[[ SUPPLIED DATA, beginning ]]
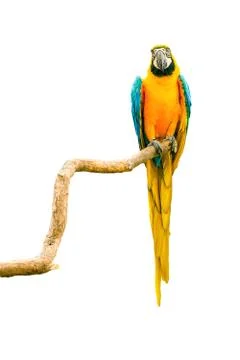 Macaw parrot on a twig Stock Photos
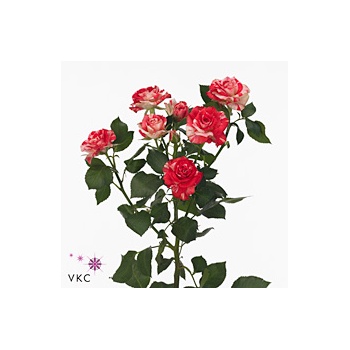 product/img.floraplaza.nl/KRFIRE5-ART_Fotos-VBN-vbn110451.jpg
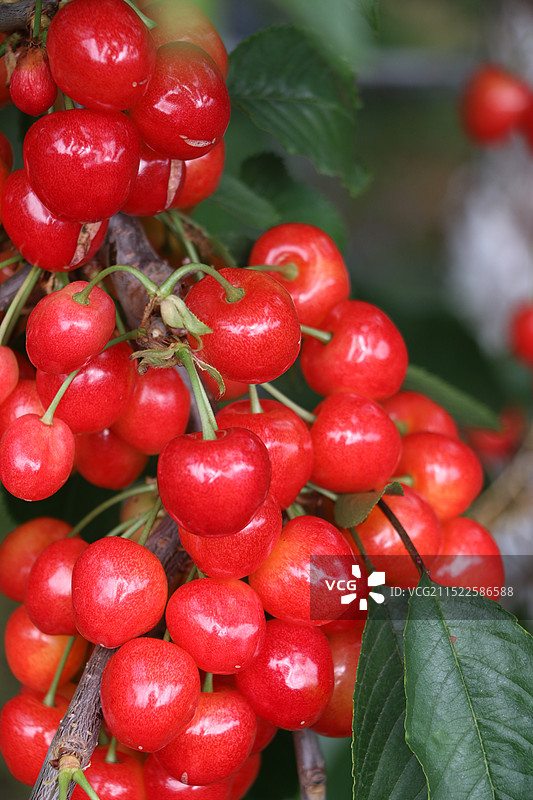 美味樱桃图片素材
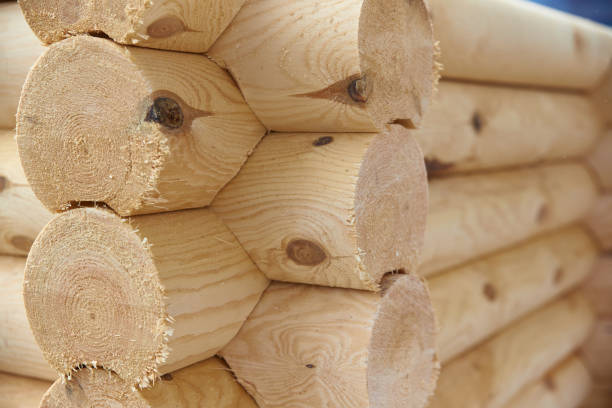 istock Wooden beam  folded into a log house (house) 1251133505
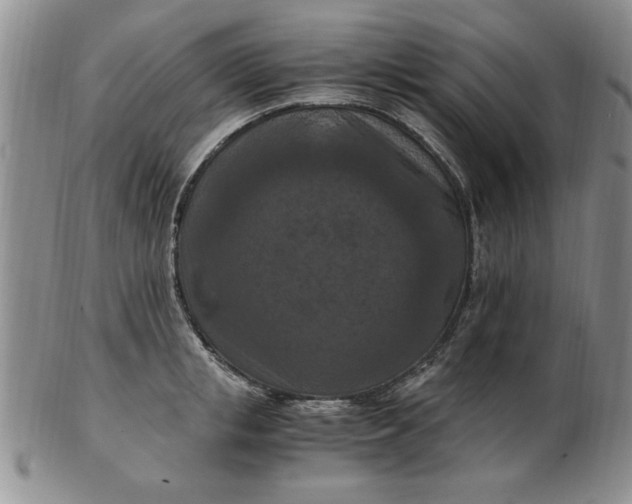 X0000103140853200809051613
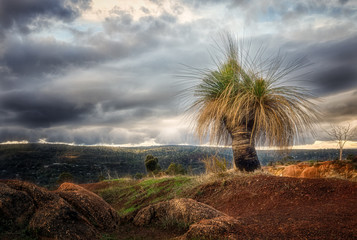 Australian grass tree against cloudy sky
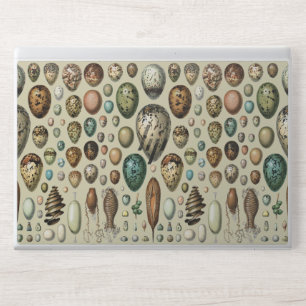 Adolphe Millot Dark Academia Vintage Bird Egg Art HP Laptop Skin
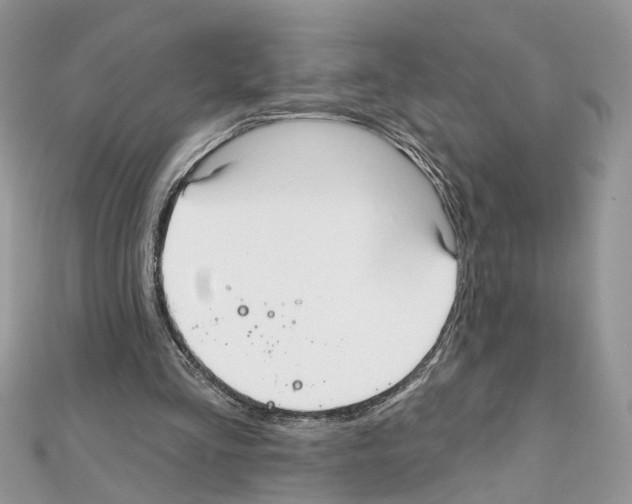 X0000111640293200908281203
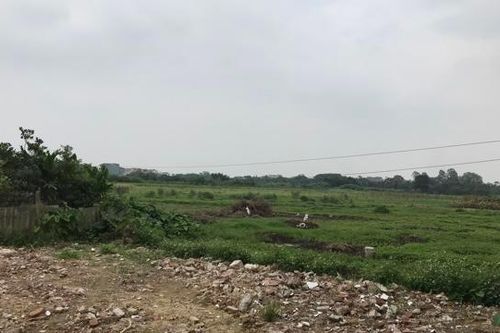 Hạn chế thông tin sai lệch về đất đai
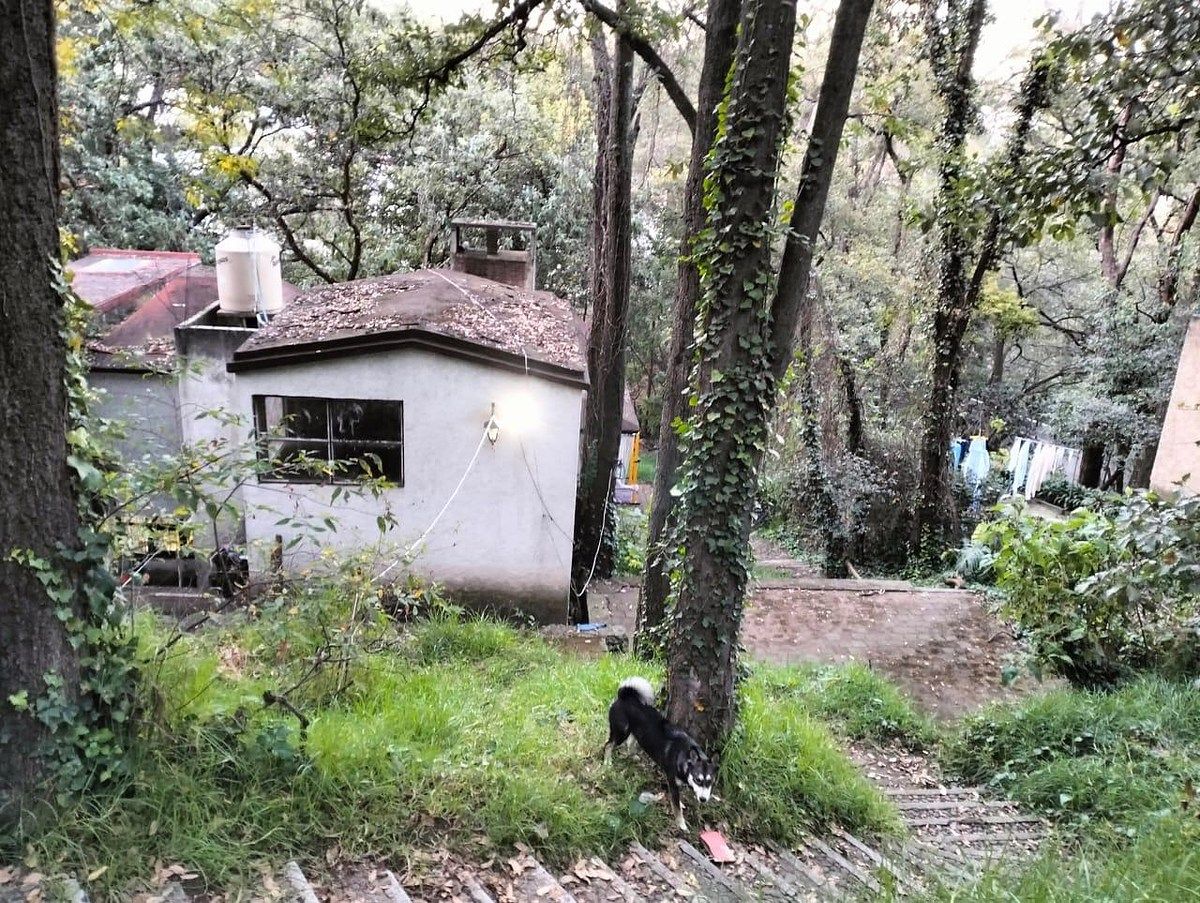 Foto 14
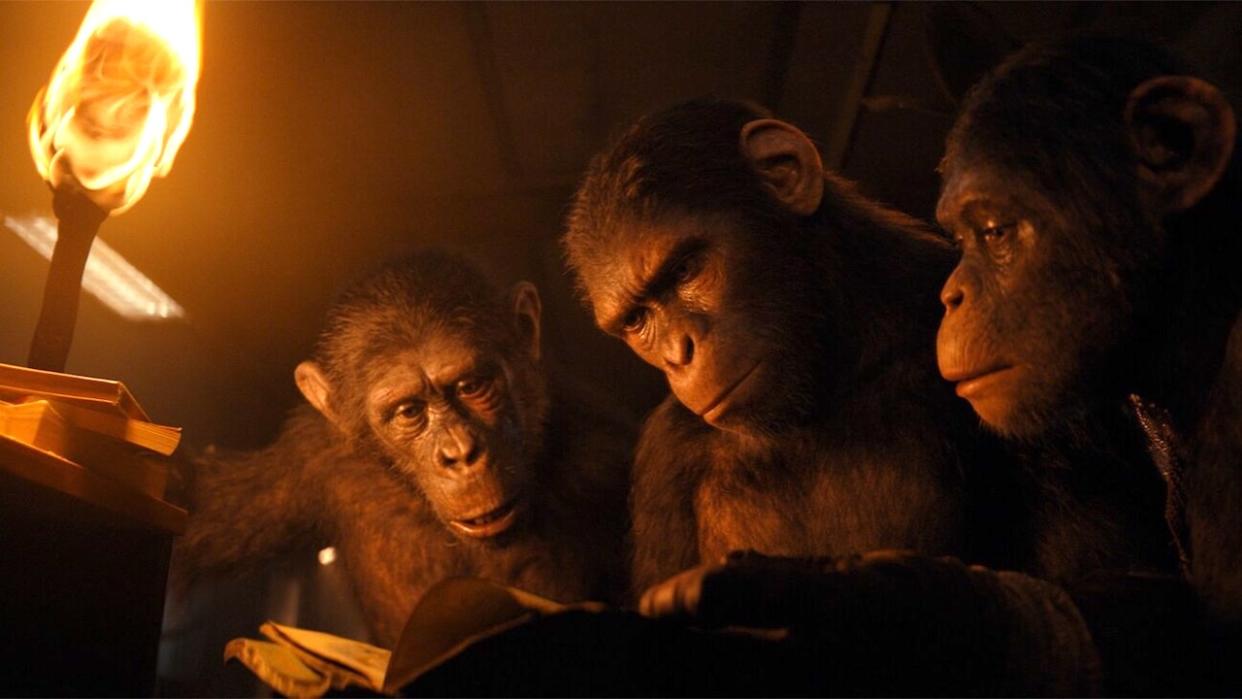  Kingdom of the Planet of the Apes still. 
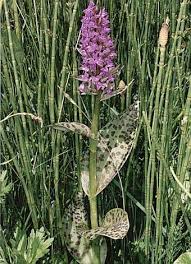 Attēlu rezultāti vaicājumam “Dactylorhiza cruenta leaf”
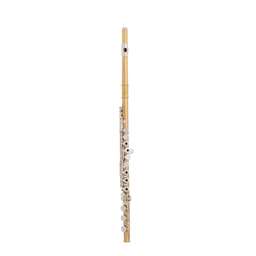 Trevor James CA-HROE Copper Alloy Intermediate C Flute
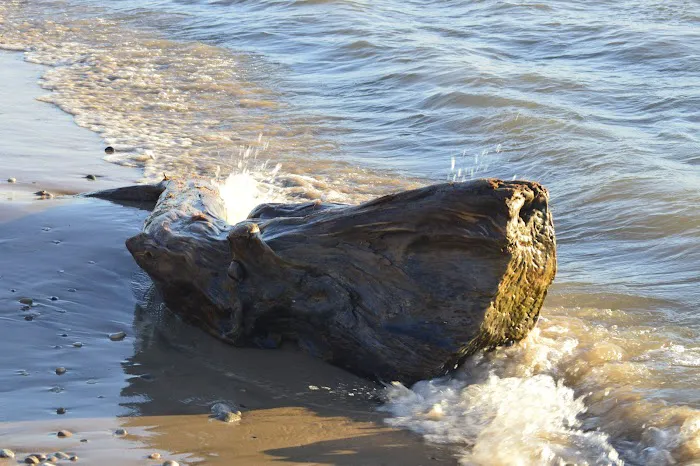 Outdoor Group Camp Picture 6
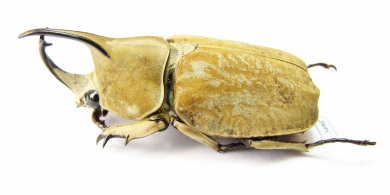 Spodistes grandis, male  Ecuador 39mm - INSECTS-STORE.RU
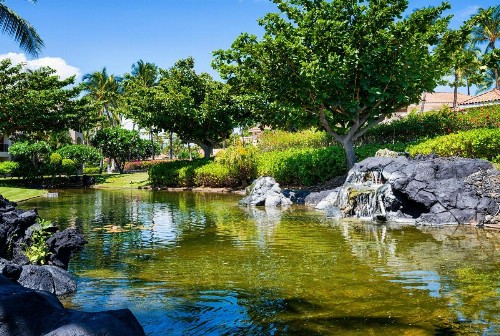 Shores at Waikoloa 234 at Bo Tree Tower - image 41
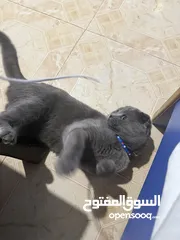  12 قط Scottish Fold للبيع بسعر مميز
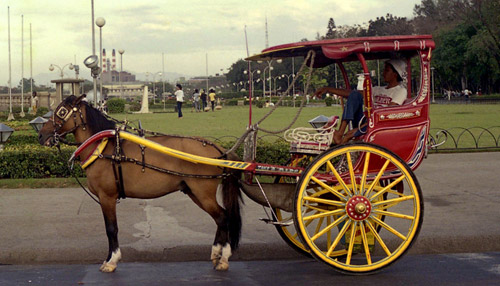 Baguio Light Horse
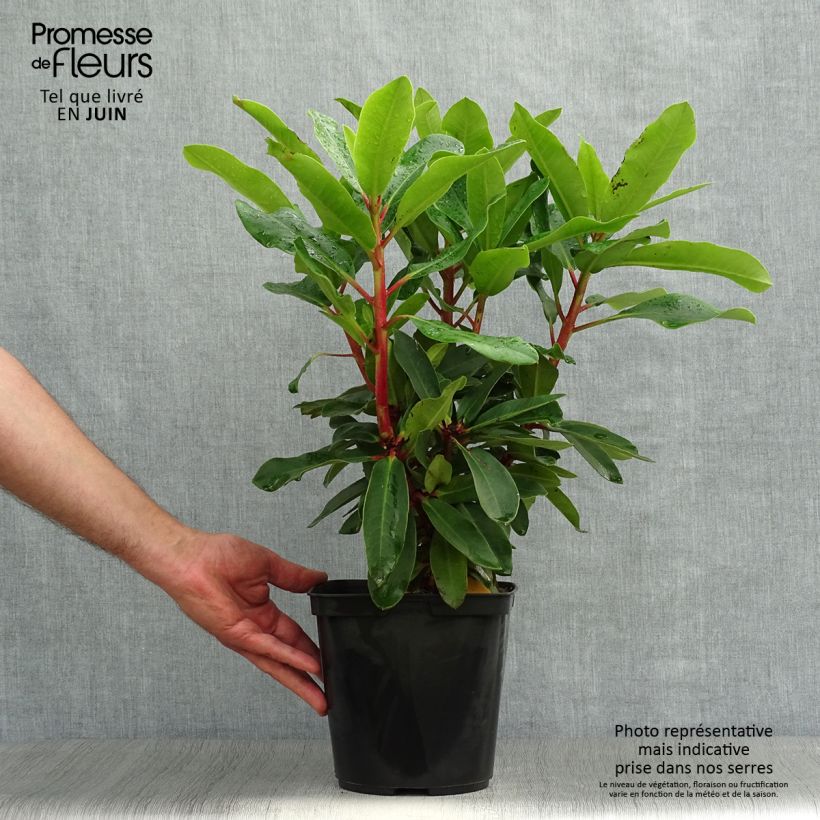 Ejemplar de Rhododendron Lem's Monarch Maceta 4L/5L entregado en verano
[[ SUPPLIED DATA, end ]]
◆ EXERCISE DETAILS:
Take the records from their first line through the line containing "Attēlu rezultāti vaicājumam" and please return exactly those lines, both ends included, minus the pictures.

◆ YOUR SOLUTION:
 Macaw parrot on a twig Stock Photos
 product/img.floraplaza.nl/KRFIRE5-ART_Fotos-VBN-vbn110451.jpg
 美味樱桃图片素材
 istock Wooden beam  folded into a log house (house) 1251133505
 X0000103140853200809051613
 Australian grass tree against cloudy sky
 Adolphe Millot Dark Academia Vintage Bird Egg Art HP Laptop Skin
 X0000111640293200908281203
 Hạn chế thông tin sai lệch về đất đai
 Foto 14
  Kingdom of the Planet of the Apes still. 
 Attēlu rezultāti vaicājumam “Dactylorhiza cruenta leaf”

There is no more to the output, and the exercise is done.